Rapid changes are happening in the atmosphere due to uncontrolled human activities. The oceans and land are warming up expressly, with risk of human population not being able to limit global warming to even 2°C. The question is, what is the level of awareness among people about these hazardous shifts? The Intergovernmental Panel on Climate Change (IPCC)
is taking care of this issue by regularly releasing detailed reports on the state of climate. Moreover, the part of Sixth Assessment Report
has been issued on 09th August 2021, with warnings about the need for urgent and large-scale reductions in greenhouse emissions to limit global warning. “Human influence has warmed the climate at a rate that is unprecedented in at least the last 2000 years”, the Report warns. Immense CO2 emissions are increasing global sea levels at an accelerating rate since 1970 (at a rate of about 4 millimetres per year (1.5 inches per decade)). The rise is happening due to two reasons: the melting of ice in mountain glaciers and at the poles, and the expansion of oceans, as its’ waters take up the heat.

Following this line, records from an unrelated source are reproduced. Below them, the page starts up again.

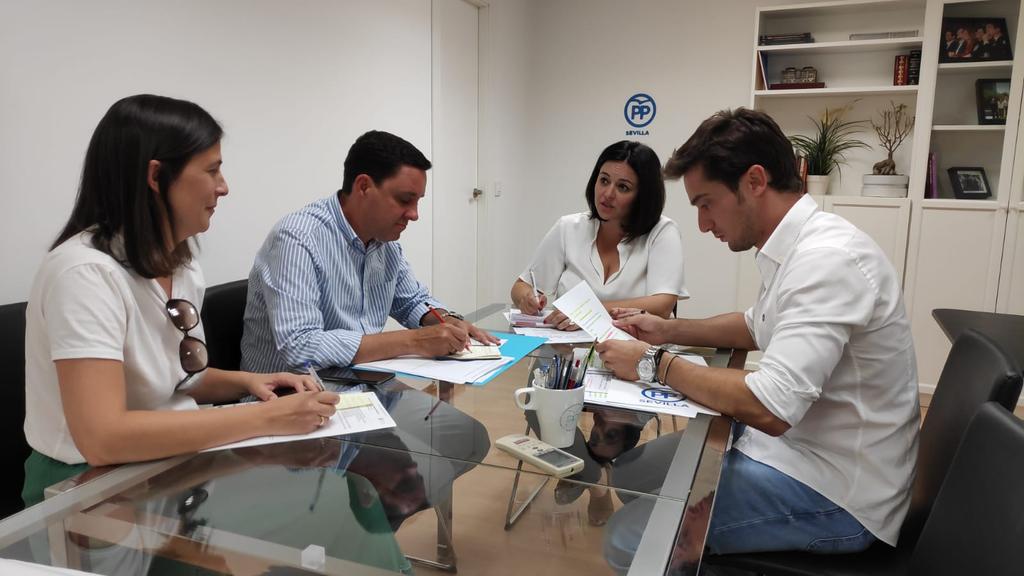Mañana de trabajo intenso en <a href="/PPdeSevilla/">PP de Sevilla</a>. Los sevillanos y el futuro de esta provincia siguen siendo las prioridades de este partido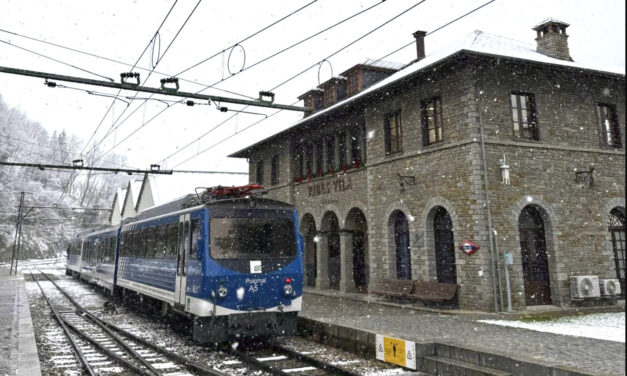 Ferrocarrils de la Generalitat i Renfe renoven l’oferta de bitllets combinats Skitren, per esquiar a La Molina; i TreNatura, per visitar Vall de Núria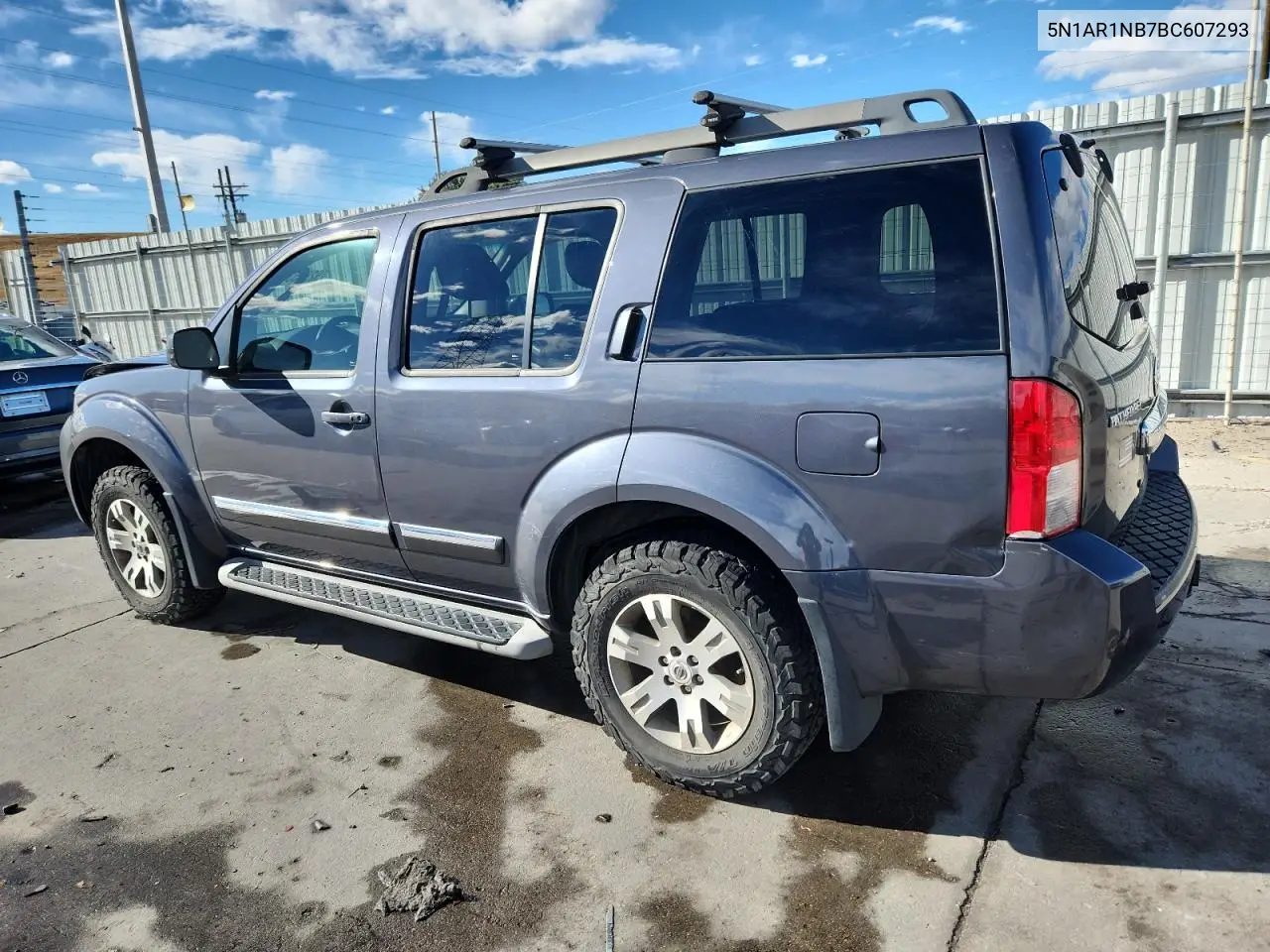 5N1AR1NB7BC607293 2011 Nissan Pathfinder S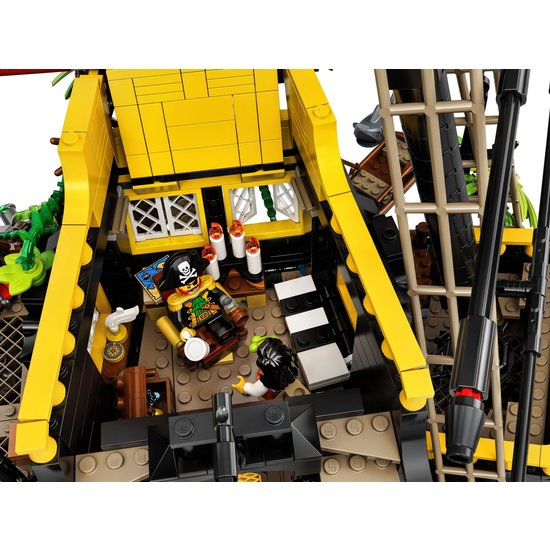 LEGO 21322 Pirates of Barracuda Bay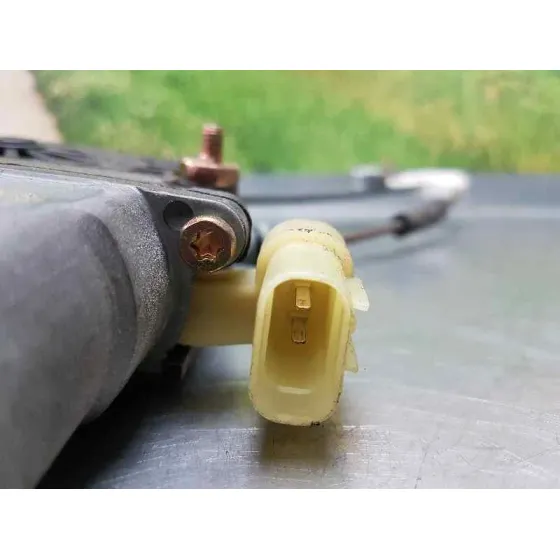 Elevalunas Delantero Izquierdo para Hyundai Accent (Mc)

Therefore, it is crucial to limit the world’s greenhouse gas emissions to lower the chances of destabilizing polar ice sheets.
The land is also subjected to global warming. IPCC has covered this challenge in Special Report on climate change, desertification, land degradation, sustainable land management, food security, and greenhouse gas fluxes in terrestrial ecosystems.”(issued in August 2019)
. Land is both a source and a sink of GHGs and plays a key role in the exchange of energy, water and aerosols between the land surface and atmosphere” the Special Report states. It is therefore important to regulate the impact of land surface temperature, which has risen twice as much as the global average temperature. These changes have already impacted food security, with studies showing that yields of some crops (e.g., maize and wheat) in many lower-latitude regions have been affected negatively. The overall conclusion of the Report is that increases in global mean surface temperature (GMST), relative to pre-industrial levels, affect processes involved in desertification (water scarcity), land degradation (soil erosion, vegetation loss, wildfire, permafrost thaw) and food security (crop yield and food supply instabilities). Changes in these processes drive risks to food systems, livelihoods, infrastructure, the value of land, and human and ecosystem health.
Satellites also play a big role, especially in observing vegetation browning like in some regions including northern Eurasia, parts of North America, Central Asia and the Congo Basin, largely as a result of water stress. DIONE project accentuates the importance of satellite surveillance, given that Earth Observation is highly used for acquiring statistics such as those observed in IPCC reports. It is therefore important to support development of EO technologies, as well as press coverage of IPCC reports, given that data collected via these two channels greatly affects policymaking decisions.